À quel point est-il crédible qu'Alain Berset n'était pas au courant des propres liens entre son chef de la communication et l'éditeur de Ringier ?

Il est impensable qu'Alain Berset n'ait pas su que son chef de la communication a travaillé avec des indiscrétions. Mais il ne me semble pas impossible qu'il n'ait pas été pleinement informé de l'ampleur du phénomène. Une manière de se protéger est de conclure un accord pour ne pas tout savoir.

Si Berset ne savait vraiment rien ou pas tout : Qu'est-ce que cela révèle de ses qualités de dirigeant ?

Ce n'est certainement pas parce qu'il n'avait pas la main sur son porte-parole. Ce dernier n'a manifestement pas oeuvré contre lui.

Quelle pourrait être l'influence de cette affaire en cette année électorale ? Nuit-elle seulement à Berset ou à l'ensemble du PS ?

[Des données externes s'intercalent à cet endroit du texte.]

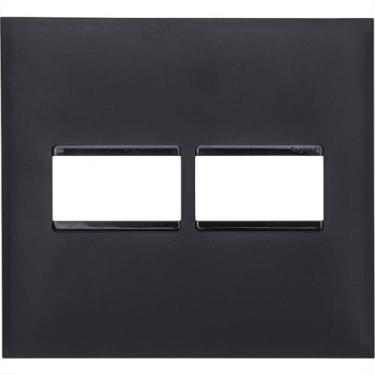 Imagem de Placa Pial Plus+ Preta 4X4 - 1 Modulo + 1 Modulo Horizontal - GL ELETR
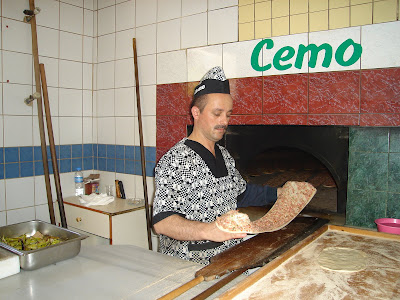Day 7:Konya;  the pide, local pizzeria with ground meat and veg, ready to go to the oven.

La popularité des conseillers fédéraux n'a pas d'effet fort sur le succès électoral des partis. Le PS ne mise pas non plus habituellement sur la popularité de ses conseillers fédéraux pendant la campagne électorale. Mais un Berset populaire aurait certainement été meilleur pour le PS qu'un Berset impopulaire.

Remarque : Oliver Strijbis a répondu aux questions par écrit.